## Brief
Apart from the pictures, print the data below exactly as given.

## Supplied data
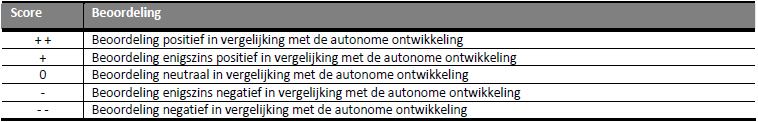 Beoordelingskader MER (bron: Oranjewoud)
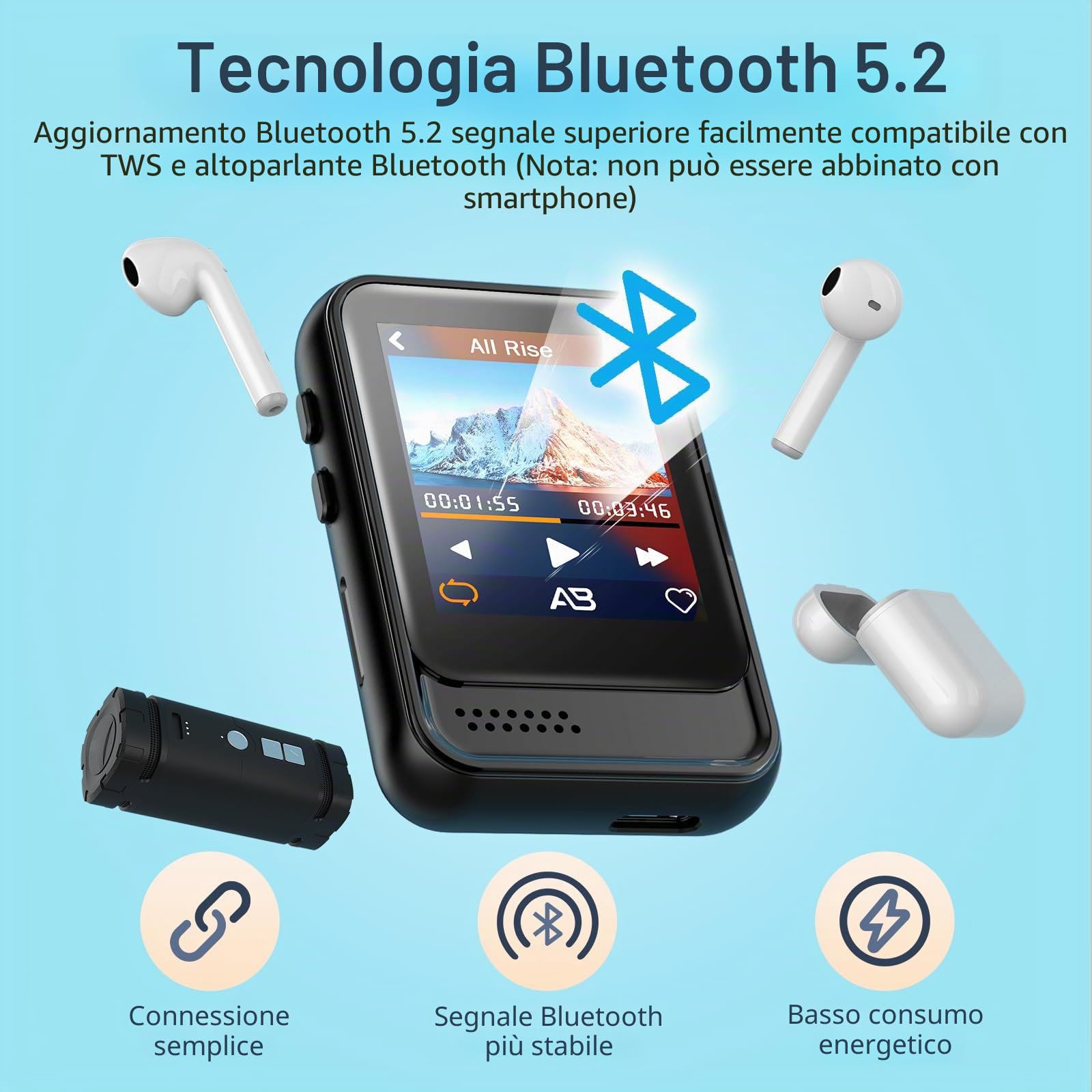 Lettore MP3 Bluetooth, lettore musicale portatile con memoria interna da 16 GB, supporto radio FM, registrazione vocale, eBook, lettore MP3, per bambini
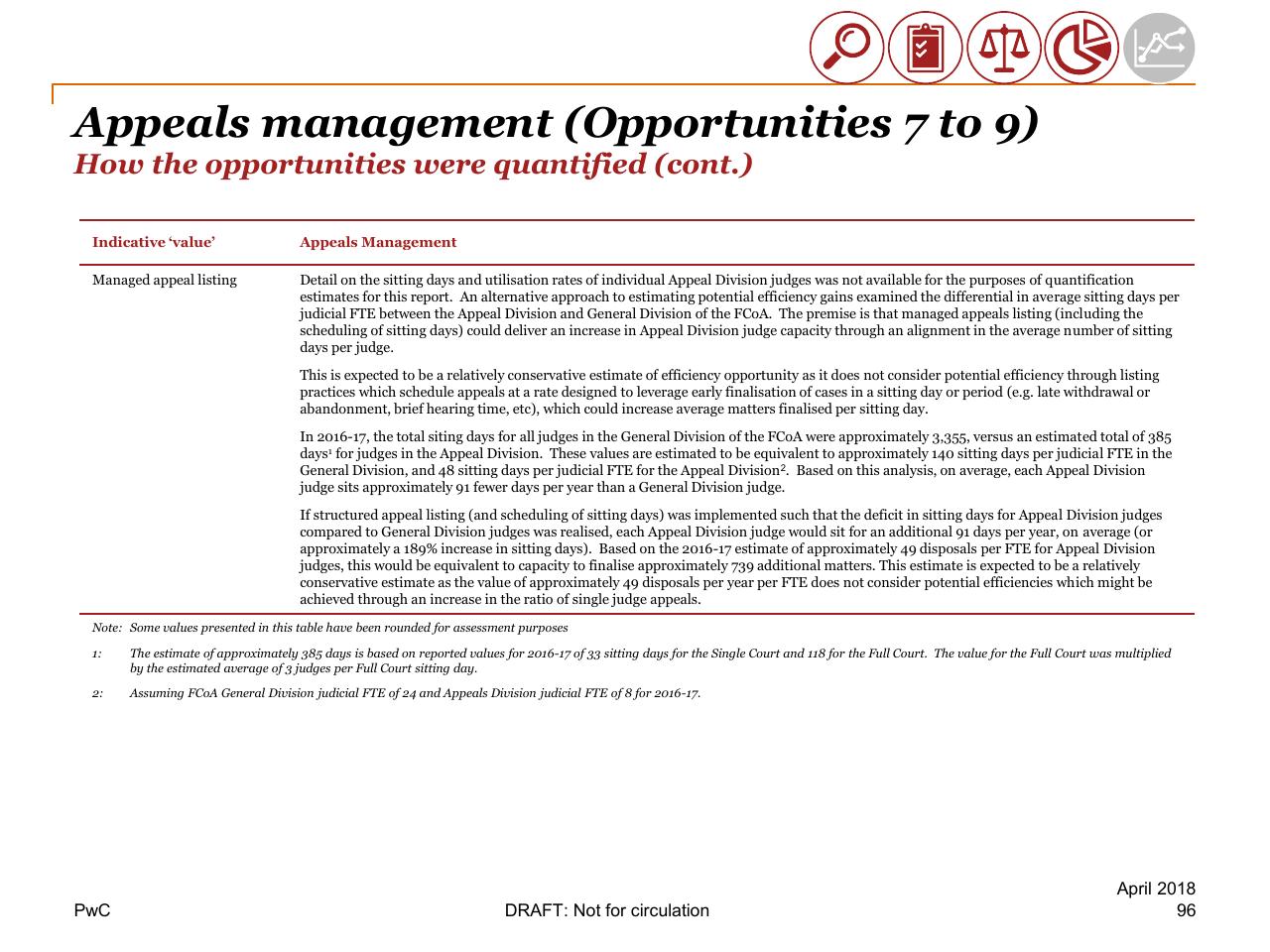 Text slide 96 from Review Of Efficiency Of The Operation Of The Federal Courts PwC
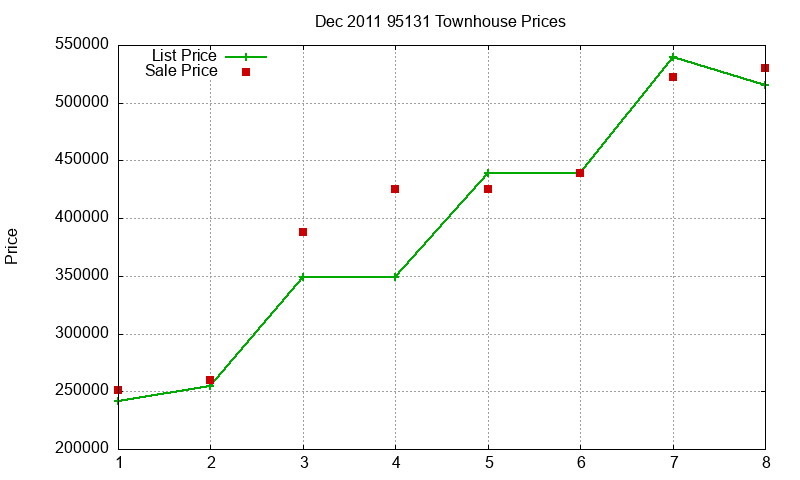 95131 Townhouses Just Sold 2011-12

## Worked solution
 Beoordelingskader MER (bron: Oranjewoud)
 Lettore MP3 Bluetooth, lettore musicale portatile con memoria interna da 16 GB, supporto radio FM, registrazione vocale, eBook, lettore MP3, per bambini
 Text slide 96 from Review Of Efficiency Of The Operation Of The Federal Courts PwC
 95131 Townhouses Just Sold 2011-12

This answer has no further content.